06:43Ela deve fazer, né, assim, anualmente, pode ser, mas na verdade, esse exame deveria ser feito por todo ginecologista.
06:54Fazer uma consulta ginecológica e o ginecologista fazer essa palpação, né?
07:00Que é um pouco mais minuciosa do que ela própria examinar as mamas dela, né?
07:07Então, se fizer uma vez por ano, tá certo.
07:11Agora, assim, a gente está falando de casos como, inclusive, seria o dela, né?
07:17Mas, assim, existem pessoas que têm já a história familiar, né, de câncer de mama.
07:24E, na verdade, nem é só de mama, como ela disse, o câncer de ovários também, o câncer de ovário.
07:31E tem também alguma comunicação genética também entre alguns cânceres de cólon, de intestino, né, de cólon retal e de
07:43pâncreas.
07:44Alguma correlação com o de mamas também.
07:47Que coisa, novidade pra mim também.
07:50É.
07:50Olha que interessante.
07:52Grazi, em algum momento, em consulta ginecológica sua de prevenção, a médica que te acompanha chegou a fazer esse exame
08:00na mama?
08:00Então, eu estava meio abusada, né, porque tinha dois anos que eu não tinha feito.
08:06Ah, olha só.
08:07Dois anos que você não fazia preventivo.
08:09Eu morei muitos anos em São Paulo e eu estava aqui, só que eu ainda estava ligada com os meus
08:13médicos de lá.
08:15Então, eu fiquei dois anos sem ir no ginecologista.
08:17E aí, mas sempre na consulta ginecologista tinha esse tipo de exame, né?
08:23Então, quando eu fiz o autoexame, se eu tivesse ido, provavelmente tinha detectado na consulta, né?
08:29Com certeza.
08:29Com certeza.
08:31É, mas é, ainda mais assim, pós pandemia, muita gente deixou, assim, o período da pandemia e ficou um, dois,
08:37três anos sem as consultas de rotina, né?
08:41E é importantíssimo ter esse acompanhamento anual.
08:43Tem que ter.
08:44Agora, doutora, vamos lá.
08:46A partir de 40 anos, se a gente pudesse fazer um checklist, quais os principais exames que a mulher que
08:52está assistindo a gente hoje precisa fazer?
08:55Anualmente ou a cada seis meses, enfim, a periodicidade?
08:59Conta pra gente.
09:01Os de rotina ginecológica, a preconização oficial é da mamografia, pela sociedade nossa, né?
09:09De anual, né?
09:11E a ultrassonografia não tem uma preconização de ser anual.
09:19O preventivo, o exame preventivo, tem o preventivo comum, que é todo esse aí, né?
09:25Que vocês, que todos nós estávamos habituados a ele.

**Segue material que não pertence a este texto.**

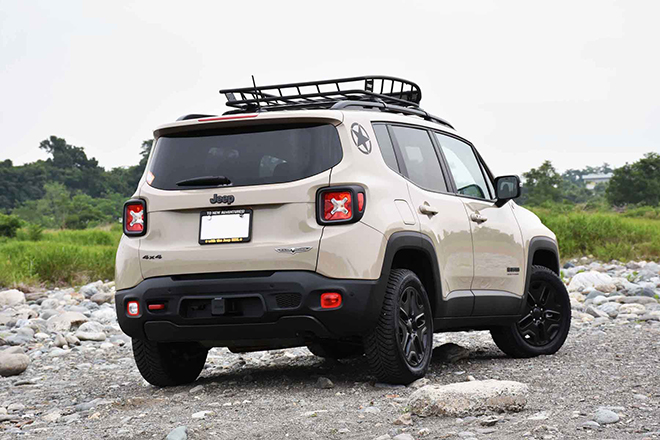 ジープレネゲード デザートホーク、JEEP RENEGADE DESERTHAWK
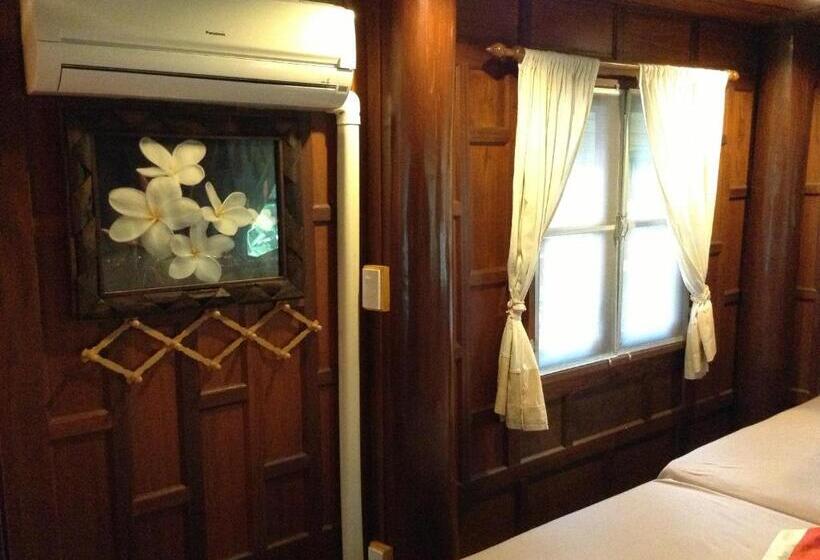 Bed and Breakfast Ruenthai Ampawa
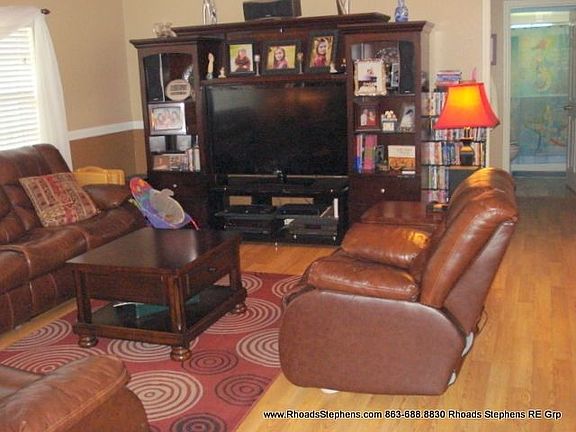 3rd image of 2627 Summitview Dr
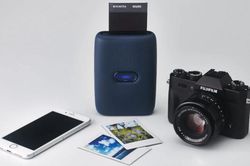 Fujifilm ra mắt máy in ảnh cầm tay cho smartphone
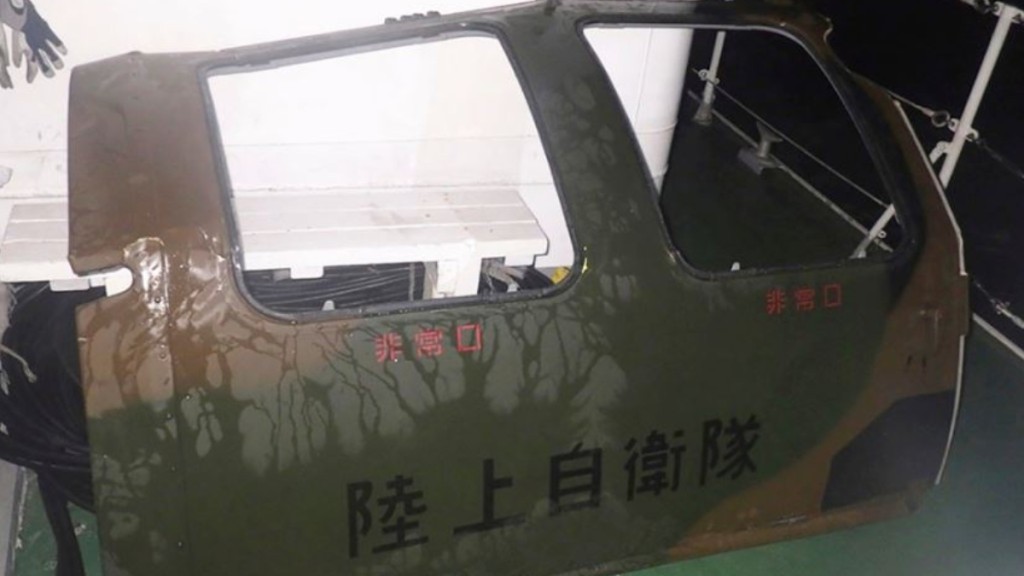 失蹤的日本陸上自衛隊黑鷹直升機傳出今日(16日)找到主要機體殘骸。圖為日前找到的直升機門板。(美聯社、日本海上保安廳提供)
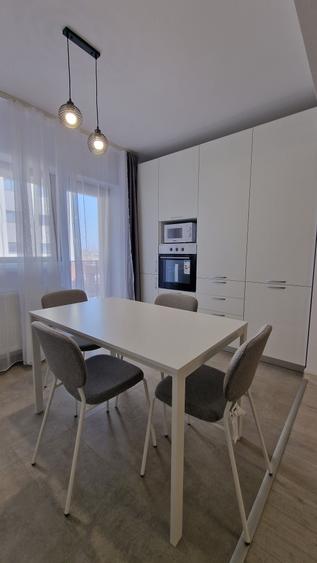 Apartament cu 2 camere semidecomandat în Industriilor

09:28Esse preventivo, você faz dois exames preventivos em dois anos consecutivos.
09:35Se eles estiverem normais, você pode fazer o próximo daí a três anos apenas.
09:41Não precisa mais ser anual.
09:44Agora, a gente tem o DNA HPV, que é uma atualização do antigo preventivo,
09:51que faz a captura de cepas de HPV, que é o vírus que causa o câncer do colo do útero.
09:57Então, você faz um diagnóstico da presença do vírus antes dele causar lesão na célula do colo do útero.
10:05Que bom, que importante.
10:08E aí, esse é feito a cada cinco anos.
10:12Então, assim, ele vai ser implantado no SUS, tem um prazo aí até o fim do ano,
10:16eu não sei se isso vai ser cumprido, né?
10:18Porque, e então, ele vai substituir o exame preventivo clássico, né?
10:26Fora isso, assim, tem o câncer de intestino, mudou também o rastreio agora para 45 anos de idade.
10:37Olha que importante.
10:37A colonoscopia, né?
10:40Os exames de sangue habituais aí, né?
10:43Que você começaria com 35, né?
10:46Glicemia, lipidograma que começa aos 20, né?
10:50Para colesterol, triglicerídeos, né?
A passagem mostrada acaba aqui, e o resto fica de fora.